We all have heard of smartphones and smartwatches and even use them. However, do you know there exist smart "contracts" too that are slowly changing many things about us?
It looks like a thing to know, right?
So, let's become smarter by knowing everything about Smart contracts.
What are Smart Contracts?
Similar to the general contracts built on paper, Smart contracts are digital contracts stored inside a blockchain in the form of a program. They perform a task only when a specific condition meets.
Let's understand it with an example of an ATM.
Say you go to an ATM to withdraw cash. An ATM will give you money only once you meet a specific condition, i.e., inserting your card, pin code, and the value you want to withdraw. But, if you miss anything from these things, the ATM will not approve your cash withdrawal.
It is very much similar to how smart contracts in a blockchain work. They work as a humanless mediator between two parties and execute their request only when certain conditions meet. They do so by following the "if/when-then" rule, which states that IF/WHEN a specific requirement or condition is met, the Smart contract will execute the requested action.
Now, the next question that arises is how smart contracts work.
How do Smart contracts work?
A Smart contract works on the idea that "code is law". It implies that a smart contract will automatically execute the action if the conditions specified for its execution in the codes of a program are fulfilled. A person or entity is no longer needed to verify or perform an action because the smart contract does everything.
For example, let's assume two tokens, say 'A' and 'B', which are related to each other in such a way that the value of one 'A' token is equal to five 'B' tokens. Then you can build a Smart contract stating that if anyone gives you one 'A' token, you will provide them five 'B' tokens. This way, when anyone deposits 1 'A' token in your account, the smart contract will automatically verify this transaction. Once it ensures that the depositor has met all the conditions of your smart contracts, it will automatically send him 5 'B' tokens from your account.
Let's talk about document-based contracts when any party violates the terms of the document. The other party can take the necessary action against it. Whereas a smart contract ensures that all the parties follow the terms and conditions by not executing the result if the participants do not follow them. Since a computer code takes all the decisions in a smart contract without human intervention, there is no chance of humanitarian bias and corruption. The parties involved in the smart contract first read and understand it thoroughly, and only then do they participate.
Now, let's know where the story of smart contracts began.
History of Smart contracts
The idea of Smart contacts started in 1994 when an American computer scientist, Nick Szabo, coined the term "smart contract" for the first time. As per Wikipedia, Nick referred Smart contract as "a set of promises, specified in digital form, including protocols within which the parties perform on these promises".
However, the credit for popularizing smart contracts goes to Ethereum, which introduced the smart contracts in its blockchain to support the development of dApps. Bitcoin also supports smart contracts but possesses very limited programmability compared to Ethereum.

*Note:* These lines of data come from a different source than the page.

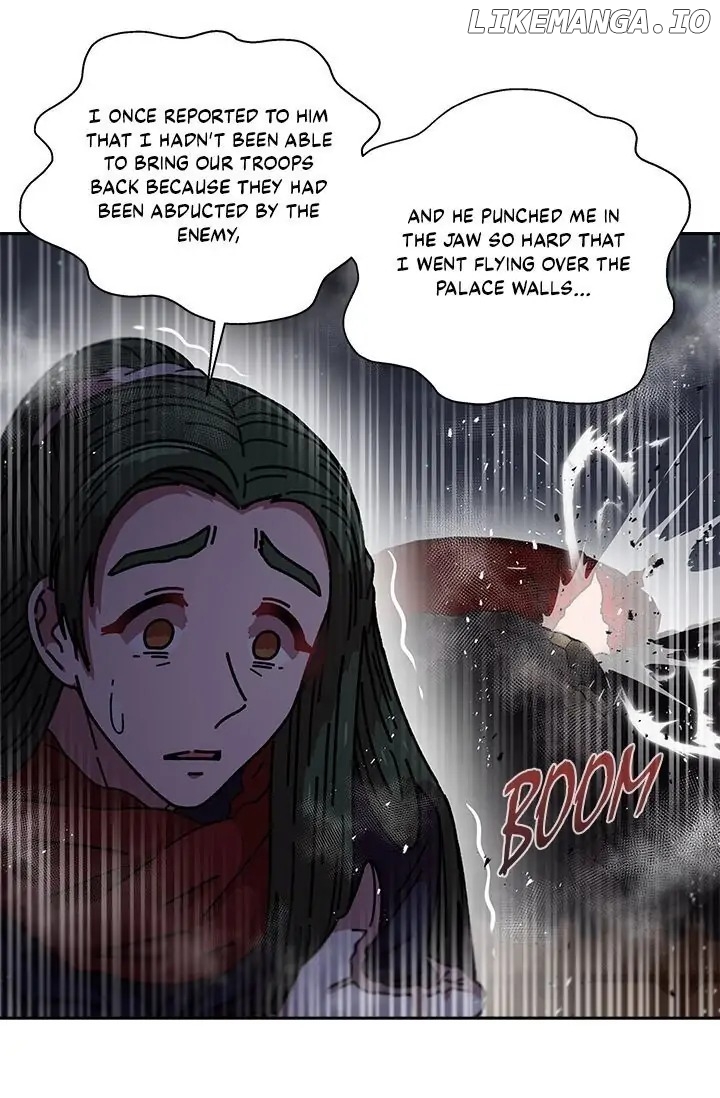 I was born as the Demon Lord’s daughter chapter 47 - page 12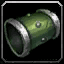 Green Iron Bracers icon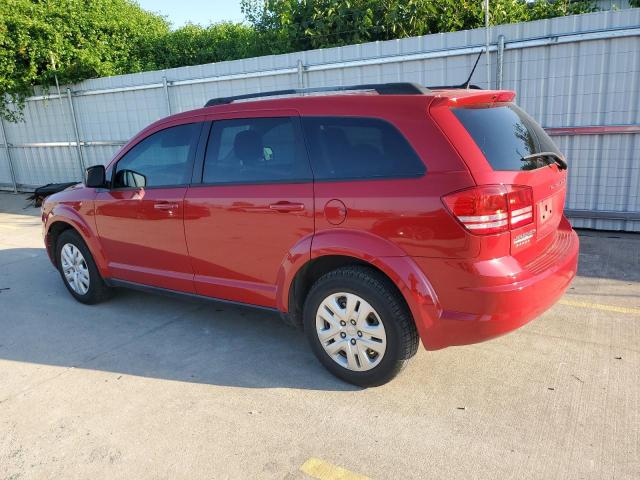 3C4PDCAB6JT428549 Dodge JOURNEY SE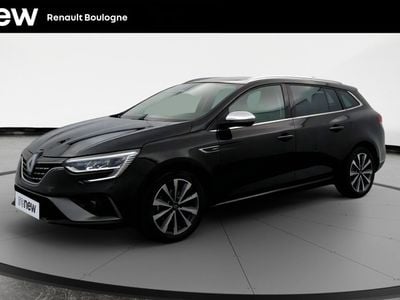 Renault Mégane IV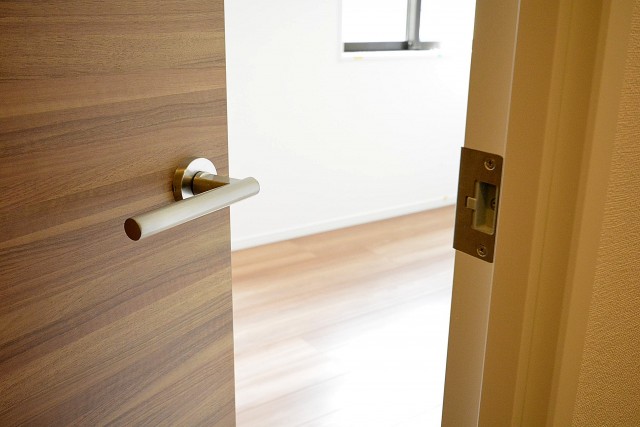 藤和大久保コープ　6.4帖ベッドルーム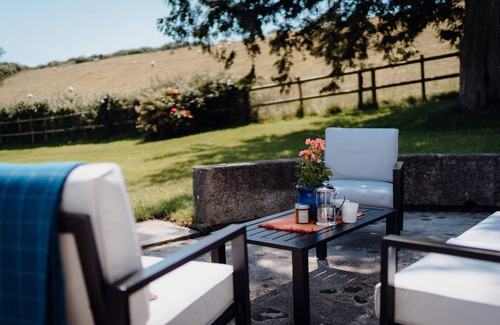Penally House | Spacious House in Penally
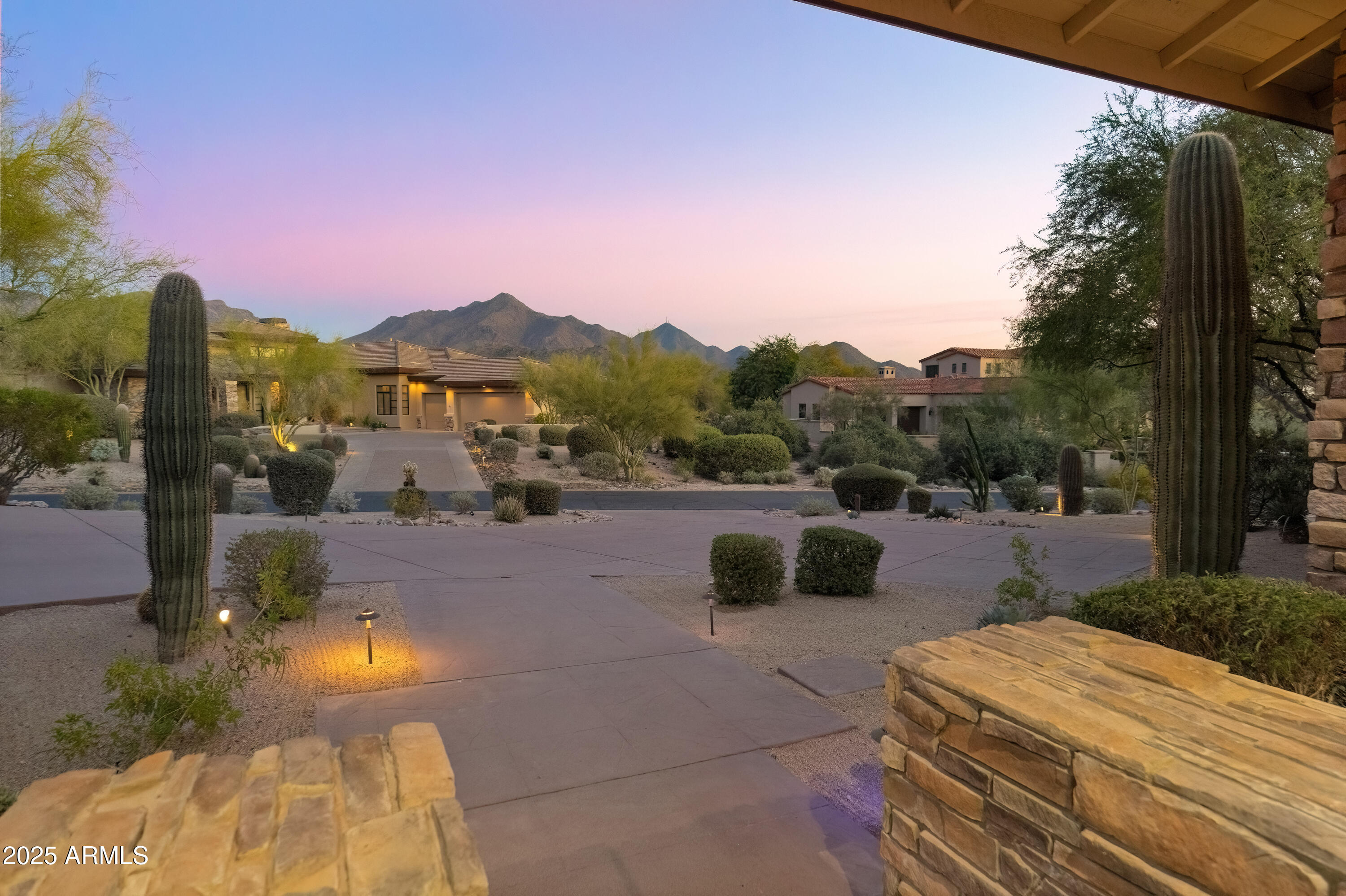 DC Ranch - Residential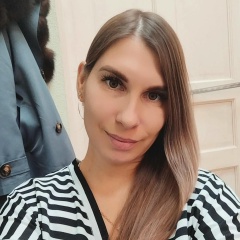 Оля Попировская, 08.11.1988, Балхаш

Ethereum not only has its smart contracts but also allows other programmers to build their smart contracts on it. Its Solidity language is made especially for this purpose. Moreover, the Smart contracts introduced by Ethereum also serve as the foundation for Defi applications and NFTs.
But a big question remains: Why should you trust codes instead of humans?
You will find out this below.
Why trust Smart contracts?
Here are the two biggest reasons to trust Smart contracts:
1. IMMUTABILITY
Since smart contracts are codes installed in an immutable blockchain, they also become immutable. It means once they get inside a blockchain, no one can change them for executing frauds, hacking, or other personal benefits. This quality of smart contracts makes them more trustable than humans or organizations that are very likely to get corrupt.
2. DISTRIBUTED
Every Smart contract is distributed, meaning no single person can influence it. This quality of Smart contracts eliminates the chances of discrepancies between parties that often arise in general contracts because one party holds more power than the other.
What are the benefits of Smart contracts?
- Smart contracts eliminate the need to trust third parties because codes handle everything.
- All blockchain information about a smart contract is available to its participants forever. Hence, it is highly transparent as compared to other alternatives.
- Elimination of intermediaries brings automation into a blockchain through Smart contracts and directly reduces the cost of a project.
- Smart contracts boost the process because the delay caused due to human intermediaries is no more, and the code works faster than humans.
Conclusion
Smart contacts are revolutionizing the blockchain industry swiftly. They bring automation to a system through codes, which increases its overall speed and efficiency. Many industries can benefit from incorporating smart contracts in their existing supply chain and other systems. It's just a matter of time before smart contracts will become a new normal for all thriving businesses.